Si chiama CondoMind, una soluzione AI pensata per supportare gli amministratori di condominio nella gestione delle attività quotidiane. Dietro questo progetto c’è anche il contributo dalla giovane minervinese Adele Angiulo, risultata vincitrice con il suo team, alla TeamSystem Tech Conference 2026 di Milano.
Si tratta di un prodotto concreto, sviluppato in ventiquattro ore fino a raggiungere uno stato già vicino all’utilizzo reale e costruito per rispondere a bisogni tangibili di un settore in cui l’innovazione tecnologica ha ancora molto da dire.
Una occasione per mettere in discussione la propria creatività e le competenze al servizio dell’innovazione e delle nuove tecnologie: il risultato è un prodotto realizzato da un team di cinque persone tra cui anche la giovane sviluppatrice softwer di Minervino Murge.
«Non abbiamo costruito solo un prodotto, ma lo abbiamo fatto sedendoci intorno a un tavolo con persone sconosciute, trovando un linguaggio comune, imparando ad ascoltarsi e trasformare quella somma di individualità in una squadra – questo ciò che resta dell’esperienza oltre alla certezza che – studiare, crescere, investire su sé stessi in contesti che non sono al centro della mappa geografica del potere economico non è uno svantaggio da compensare, ma una storia da portare con sé».
Uno stile di lavoro e collaborazione che Adele Angiulo ha appreso non solo a lavoro, ma anche nella sua città, Minervino, mettendosi a servizio della sua comunità parrocchiale e dei più giovani.

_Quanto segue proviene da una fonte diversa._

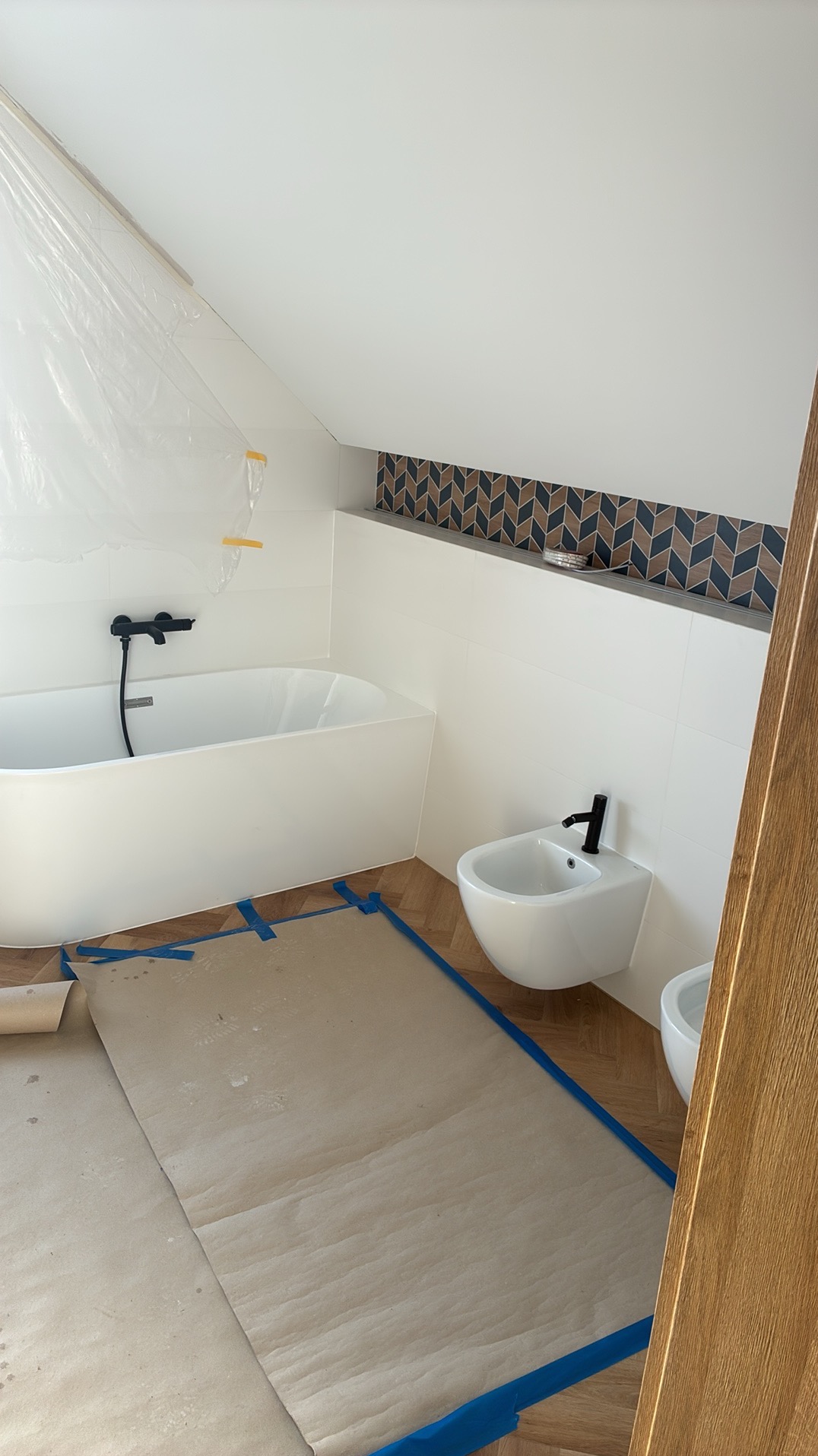 Biała wanna i bidet z czarną armaturą w łazience na poddaszu, zabezpieczone folią i papierem malarskim. Dekoracyjna mozaika nad wanną. Parkiet w jodełkę.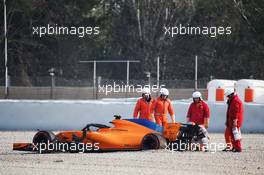 Fernando Alonso (ESP) McLaren MCL33 in the gravel trap with a wheel missing. 26.02.2018. Formula One Testing, Day One, Barcelona, Spain. Monday.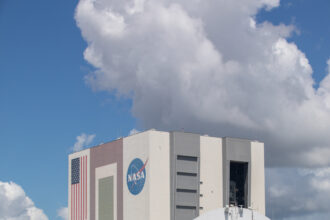 A large flat ship with a rounded structure on it approaches Kennedy Space Center's Vehicle Assembly Building. Dark blue water is in the foreground, while the ship moves toward the building in the background. The sky is blue, but huge, white fluffy clouds covering a good portion of it.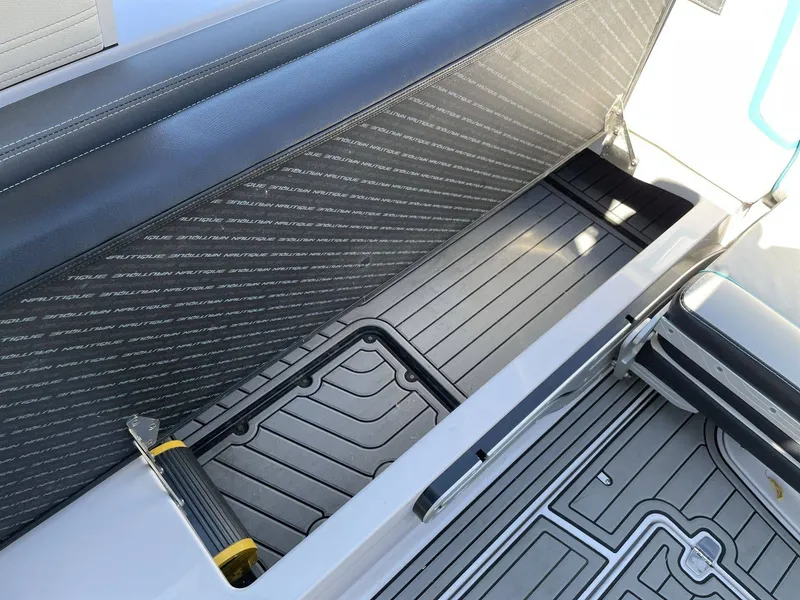 Slide: The Image of Interior of a 2015 Nautique G25 boat with seating and storage area. - 8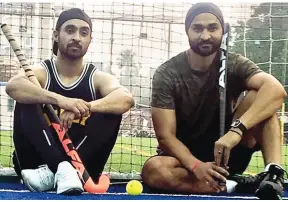  ??  ?? Actor Diljit Dosanjh with hockey player Sandeep Singh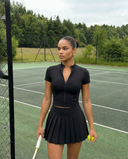 Seen active padel skirt set featuring a sporty skirt and matching top, designed for comfortable play and athletic style.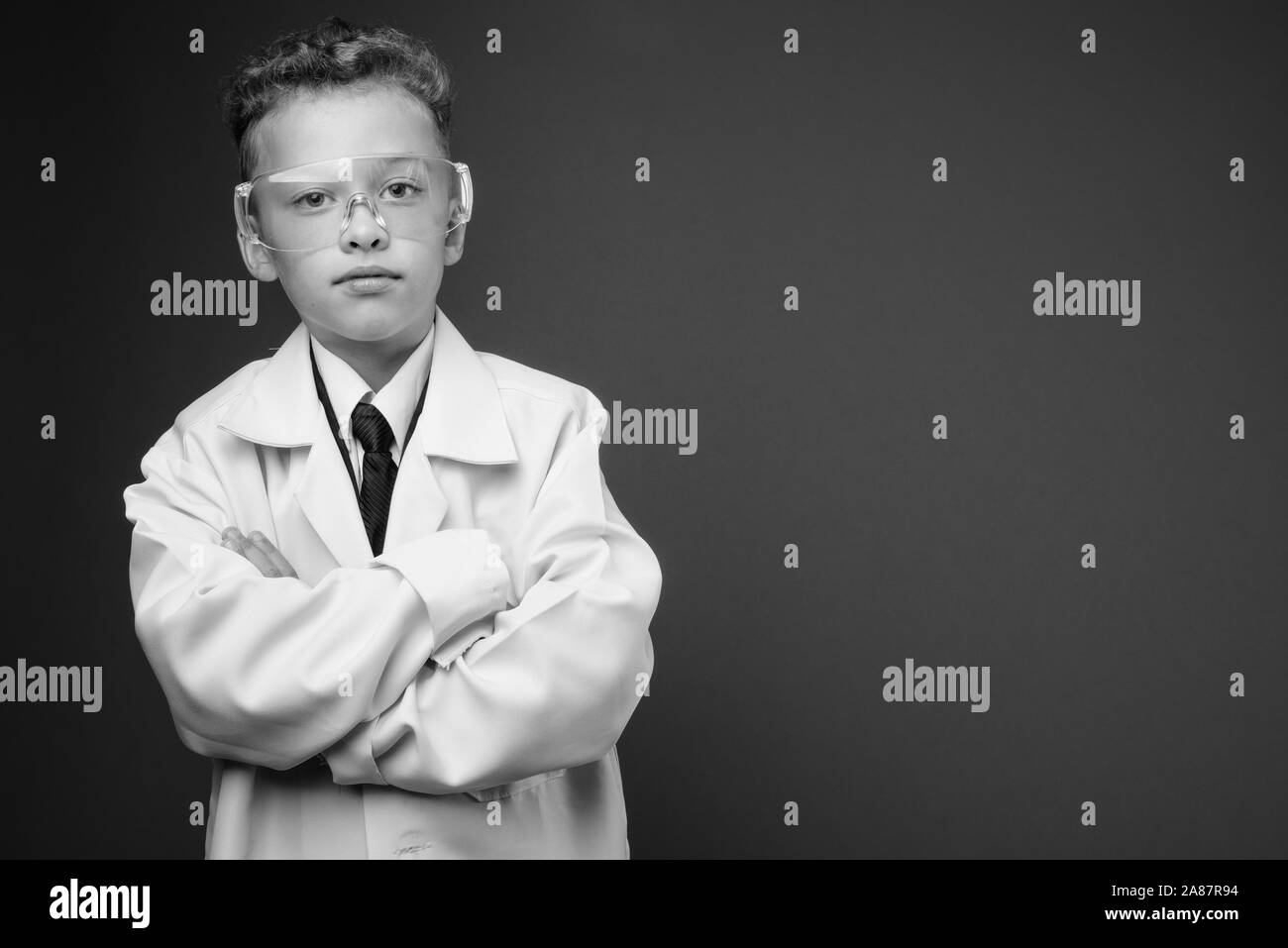 Young boy as doctor wearing protective glasses in black and white Stock Photo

Per lei e il suo gruppo di lavoro adesso si aprono le porte di una esperienza formativa a San Francisco, una meta che per Adele non rappresenta solo un traguardo ma «il valore vero è altrove: è nella conferma che i sogni tenuti stretti, quelli che quasi non si dicono ad alta voce, a volte diventano realtà. Bisogna solo non smettere di crederci e di lavorarci».